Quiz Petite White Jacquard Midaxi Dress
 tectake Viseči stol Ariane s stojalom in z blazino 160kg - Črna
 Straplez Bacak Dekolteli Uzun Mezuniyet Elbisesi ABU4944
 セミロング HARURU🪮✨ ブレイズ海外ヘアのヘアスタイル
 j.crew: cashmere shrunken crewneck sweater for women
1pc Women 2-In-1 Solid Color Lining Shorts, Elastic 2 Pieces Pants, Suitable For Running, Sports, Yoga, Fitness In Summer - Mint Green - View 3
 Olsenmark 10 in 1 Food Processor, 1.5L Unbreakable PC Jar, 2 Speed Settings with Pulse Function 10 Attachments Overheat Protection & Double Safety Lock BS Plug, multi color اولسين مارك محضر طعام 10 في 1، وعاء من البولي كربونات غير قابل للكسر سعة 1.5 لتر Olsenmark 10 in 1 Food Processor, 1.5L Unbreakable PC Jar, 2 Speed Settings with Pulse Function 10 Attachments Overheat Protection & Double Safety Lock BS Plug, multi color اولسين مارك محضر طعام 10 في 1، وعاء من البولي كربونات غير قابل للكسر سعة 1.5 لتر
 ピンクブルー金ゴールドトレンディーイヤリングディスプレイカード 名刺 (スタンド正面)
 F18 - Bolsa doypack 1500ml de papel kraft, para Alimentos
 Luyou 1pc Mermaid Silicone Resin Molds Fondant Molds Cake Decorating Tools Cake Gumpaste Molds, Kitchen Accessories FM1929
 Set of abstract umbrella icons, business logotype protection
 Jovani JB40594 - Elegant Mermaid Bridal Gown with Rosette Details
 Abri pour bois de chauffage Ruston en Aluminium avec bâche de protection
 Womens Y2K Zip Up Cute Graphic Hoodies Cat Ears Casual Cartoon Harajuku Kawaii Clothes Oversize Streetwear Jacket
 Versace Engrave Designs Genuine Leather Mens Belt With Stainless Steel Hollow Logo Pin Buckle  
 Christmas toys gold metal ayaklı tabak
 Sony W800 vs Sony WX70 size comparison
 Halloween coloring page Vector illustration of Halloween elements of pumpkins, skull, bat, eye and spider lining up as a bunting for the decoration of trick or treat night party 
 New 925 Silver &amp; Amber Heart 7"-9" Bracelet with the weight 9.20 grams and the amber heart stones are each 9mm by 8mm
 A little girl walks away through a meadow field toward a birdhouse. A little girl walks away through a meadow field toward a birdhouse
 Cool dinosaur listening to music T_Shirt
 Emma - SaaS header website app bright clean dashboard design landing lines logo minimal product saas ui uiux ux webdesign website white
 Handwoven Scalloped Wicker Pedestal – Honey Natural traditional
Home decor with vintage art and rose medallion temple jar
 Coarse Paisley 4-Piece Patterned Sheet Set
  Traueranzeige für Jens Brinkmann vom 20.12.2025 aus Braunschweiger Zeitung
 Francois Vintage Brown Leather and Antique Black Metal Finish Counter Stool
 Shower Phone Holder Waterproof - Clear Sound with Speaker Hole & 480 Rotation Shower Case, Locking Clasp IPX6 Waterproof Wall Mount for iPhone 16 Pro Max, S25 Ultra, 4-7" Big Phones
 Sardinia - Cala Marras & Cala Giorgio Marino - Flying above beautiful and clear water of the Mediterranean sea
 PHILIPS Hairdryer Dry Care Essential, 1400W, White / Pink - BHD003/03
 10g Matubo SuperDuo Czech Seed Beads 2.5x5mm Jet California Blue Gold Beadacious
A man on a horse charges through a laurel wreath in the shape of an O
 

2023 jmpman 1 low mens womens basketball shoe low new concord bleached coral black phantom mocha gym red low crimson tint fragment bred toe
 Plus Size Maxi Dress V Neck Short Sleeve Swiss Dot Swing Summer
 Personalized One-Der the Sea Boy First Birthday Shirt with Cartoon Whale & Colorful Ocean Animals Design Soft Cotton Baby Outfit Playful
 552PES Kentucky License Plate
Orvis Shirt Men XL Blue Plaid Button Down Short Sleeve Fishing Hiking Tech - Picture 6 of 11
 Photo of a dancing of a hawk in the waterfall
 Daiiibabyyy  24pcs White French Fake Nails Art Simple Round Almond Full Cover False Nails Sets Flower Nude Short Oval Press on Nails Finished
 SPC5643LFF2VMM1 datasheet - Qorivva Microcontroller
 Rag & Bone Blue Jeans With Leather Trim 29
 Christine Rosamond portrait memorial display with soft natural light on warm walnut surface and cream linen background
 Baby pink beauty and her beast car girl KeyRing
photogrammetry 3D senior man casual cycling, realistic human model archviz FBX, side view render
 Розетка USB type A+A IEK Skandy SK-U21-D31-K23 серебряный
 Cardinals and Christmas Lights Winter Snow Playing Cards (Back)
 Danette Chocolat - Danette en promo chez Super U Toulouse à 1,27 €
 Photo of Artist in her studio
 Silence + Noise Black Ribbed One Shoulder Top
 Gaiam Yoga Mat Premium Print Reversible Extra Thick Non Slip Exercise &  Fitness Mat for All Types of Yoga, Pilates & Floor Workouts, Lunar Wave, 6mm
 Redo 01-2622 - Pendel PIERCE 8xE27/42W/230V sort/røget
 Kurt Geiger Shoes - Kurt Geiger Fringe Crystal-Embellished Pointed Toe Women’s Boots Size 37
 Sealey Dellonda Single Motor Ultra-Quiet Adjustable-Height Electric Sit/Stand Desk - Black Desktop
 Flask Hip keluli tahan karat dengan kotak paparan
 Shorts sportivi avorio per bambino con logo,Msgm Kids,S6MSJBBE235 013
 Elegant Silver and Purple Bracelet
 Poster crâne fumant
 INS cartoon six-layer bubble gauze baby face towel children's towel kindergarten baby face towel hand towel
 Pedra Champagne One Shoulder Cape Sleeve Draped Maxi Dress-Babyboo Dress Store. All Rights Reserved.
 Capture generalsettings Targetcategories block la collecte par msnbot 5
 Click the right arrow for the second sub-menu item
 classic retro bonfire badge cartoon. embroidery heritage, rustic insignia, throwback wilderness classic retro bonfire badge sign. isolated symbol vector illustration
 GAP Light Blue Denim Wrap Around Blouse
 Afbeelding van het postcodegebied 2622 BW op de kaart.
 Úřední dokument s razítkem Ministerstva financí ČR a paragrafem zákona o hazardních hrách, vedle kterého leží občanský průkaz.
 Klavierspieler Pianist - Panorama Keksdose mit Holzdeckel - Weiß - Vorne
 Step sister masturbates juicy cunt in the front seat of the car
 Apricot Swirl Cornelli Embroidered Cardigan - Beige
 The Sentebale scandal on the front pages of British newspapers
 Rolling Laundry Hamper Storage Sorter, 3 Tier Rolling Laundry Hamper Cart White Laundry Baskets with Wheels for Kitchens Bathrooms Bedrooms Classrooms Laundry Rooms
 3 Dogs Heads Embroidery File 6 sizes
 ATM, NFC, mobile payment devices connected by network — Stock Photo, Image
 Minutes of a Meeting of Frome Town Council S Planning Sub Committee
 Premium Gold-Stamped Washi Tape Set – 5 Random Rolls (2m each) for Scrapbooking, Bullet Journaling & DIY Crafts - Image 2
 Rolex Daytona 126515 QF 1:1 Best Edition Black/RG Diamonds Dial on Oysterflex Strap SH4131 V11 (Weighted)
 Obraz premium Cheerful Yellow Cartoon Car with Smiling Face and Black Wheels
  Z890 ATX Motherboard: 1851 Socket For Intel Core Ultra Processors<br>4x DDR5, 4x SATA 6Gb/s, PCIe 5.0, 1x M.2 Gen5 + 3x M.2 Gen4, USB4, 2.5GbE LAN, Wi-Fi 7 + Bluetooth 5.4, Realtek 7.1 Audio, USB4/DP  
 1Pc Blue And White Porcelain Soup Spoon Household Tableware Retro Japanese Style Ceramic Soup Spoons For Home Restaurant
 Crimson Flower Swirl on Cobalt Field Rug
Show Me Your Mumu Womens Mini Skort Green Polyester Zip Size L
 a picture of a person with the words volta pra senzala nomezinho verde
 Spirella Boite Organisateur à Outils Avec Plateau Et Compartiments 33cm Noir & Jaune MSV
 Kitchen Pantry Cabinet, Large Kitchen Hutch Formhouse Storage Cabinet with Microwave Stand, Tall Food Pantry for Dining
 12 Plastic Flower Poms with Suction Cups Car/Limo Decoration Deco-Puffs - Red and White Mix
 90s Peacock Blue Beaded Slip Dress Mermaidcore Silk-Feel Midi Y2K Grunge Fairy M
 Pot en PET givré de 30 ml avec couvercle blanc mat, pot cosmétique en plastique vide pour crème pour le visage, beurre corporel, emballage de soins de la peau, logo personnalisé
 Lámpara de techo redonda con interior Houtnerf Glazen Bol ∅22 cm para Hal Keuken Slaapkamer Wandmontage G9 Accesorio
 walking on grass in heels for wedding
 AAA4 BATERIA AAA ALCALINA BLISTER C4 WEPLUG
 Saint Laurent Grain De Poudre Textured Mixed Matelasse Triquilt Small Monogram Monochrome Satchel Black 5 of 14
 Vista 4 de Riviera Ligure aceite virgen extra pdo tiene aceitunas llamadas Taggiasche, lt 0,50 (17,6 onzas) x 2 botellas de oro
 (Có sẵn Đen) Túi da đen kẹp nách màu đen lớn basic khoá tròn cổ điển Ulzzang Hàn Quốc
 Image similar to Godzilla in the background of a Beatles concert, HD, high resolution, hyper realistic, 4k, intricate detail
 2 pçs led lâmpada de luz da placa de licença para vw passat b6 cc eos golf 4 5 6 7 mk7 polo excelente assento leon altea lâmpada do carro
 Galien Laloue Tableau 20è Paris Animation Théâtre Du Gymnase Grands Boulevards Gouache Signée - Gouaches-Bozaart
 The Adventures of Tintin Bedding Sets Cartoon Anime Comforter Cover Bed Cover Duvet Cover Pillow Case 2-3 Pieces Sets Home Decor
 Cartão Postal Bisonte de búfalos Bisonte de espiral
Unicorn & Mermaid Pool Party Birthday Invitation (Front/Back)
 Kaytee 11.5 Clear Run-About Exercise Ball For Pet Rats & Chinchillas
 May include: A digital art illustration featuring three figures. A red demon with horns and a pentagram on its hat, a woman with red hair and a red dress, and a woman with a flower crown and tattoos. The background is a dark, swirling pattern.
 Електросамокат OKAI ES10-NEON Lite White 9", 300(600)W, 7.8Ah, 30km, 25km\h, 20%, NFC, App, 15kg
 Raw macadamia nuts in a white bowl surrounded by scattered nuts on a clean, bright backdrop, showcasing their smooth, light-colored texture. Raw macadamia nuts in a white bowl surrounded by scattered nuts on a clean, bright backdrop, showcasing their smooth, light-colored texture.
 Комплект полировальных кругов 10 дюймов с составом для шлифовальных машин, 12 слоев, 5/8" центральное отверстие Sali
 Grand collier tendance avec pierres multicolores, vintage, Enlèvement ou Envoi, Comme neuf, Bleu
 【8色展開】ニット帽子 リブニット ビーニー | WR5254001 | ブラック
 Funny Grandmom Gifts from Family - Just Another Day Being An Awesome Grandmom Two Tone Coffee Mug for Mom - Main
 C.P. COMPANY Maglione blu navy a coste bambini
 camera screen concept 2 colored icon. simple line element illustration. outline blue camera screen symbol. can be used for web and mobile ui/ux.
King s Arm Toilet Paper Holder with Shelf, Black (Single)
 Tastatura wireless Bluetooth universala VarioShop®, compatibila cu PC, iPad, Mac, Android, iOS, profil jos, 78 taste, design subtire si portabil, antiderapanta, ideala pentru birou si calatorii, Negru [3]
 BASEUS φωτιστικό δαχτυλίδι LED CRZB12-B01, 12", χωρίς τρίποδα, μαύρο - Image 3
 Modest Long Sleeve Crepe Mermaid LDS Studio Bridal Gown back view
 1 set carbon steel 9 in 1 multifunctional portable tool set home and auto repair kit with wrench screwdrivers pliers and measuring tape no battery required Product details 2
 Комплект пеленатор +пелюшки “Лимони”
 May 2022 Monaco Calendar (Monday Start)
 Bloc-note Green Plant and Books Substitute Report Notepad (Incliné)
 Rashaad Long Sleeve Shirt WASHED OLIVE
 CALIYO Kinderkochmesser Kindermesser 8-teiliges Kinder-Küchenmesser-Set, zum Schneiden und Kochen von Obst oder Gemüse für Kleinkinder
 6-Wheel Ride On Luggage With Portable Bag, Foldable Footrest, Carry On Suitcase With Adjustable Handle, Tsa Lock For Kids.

- _Prompt_
Would you copy out exactly the lines above that start at the one containing "Електросамокат OKAI ES10-NEON" and end at the one containing "King s Arm Toilet", inclusive?

- _Answer to the exercise_
 Електросамокат OKAI ES10-NEON Lite White 9", 300(600)W, 7.8Ah, 30km, 25km\h, 20%, NFC, App, 15kg
 Raw macadamia nuts in a white bowl surrounded by scattered nuts on a clean, bright backdrop, showcasing their smooth, light-colored texture. Raw macadamia nuts in a white bowl surrounded by scattered nuts on a clean, bright backdrop, showcasing their smooth, light-colored texture.
 Комплект полировальных кругов 10 дюймов с составом для шлифовальных машин, 12 слоев, 5/8" центральное отверстие Sali
 Grand collier tendance avec pierres multicolores, vintage, Enlèvement ou Envoi, Comme neuf, Bleu
 【8色展開】ニット帽子 リブニット ビーニー | WR5254001 | ブラック
 Funny Grandmom Gifts from Family - Just Another Day Being An Awesome Grandmom Two Tone Coffee Mug for Mom - Main
 C.P. COMPANY Maglione blu navy a coste bambini
 camera screen concept 2 colored icon. simple line element illustration. outline blue camera screen symbol. can be used for web and mobile ui/ux.
King s Arm Toilet Paper Holder with Shelf, Black (Single)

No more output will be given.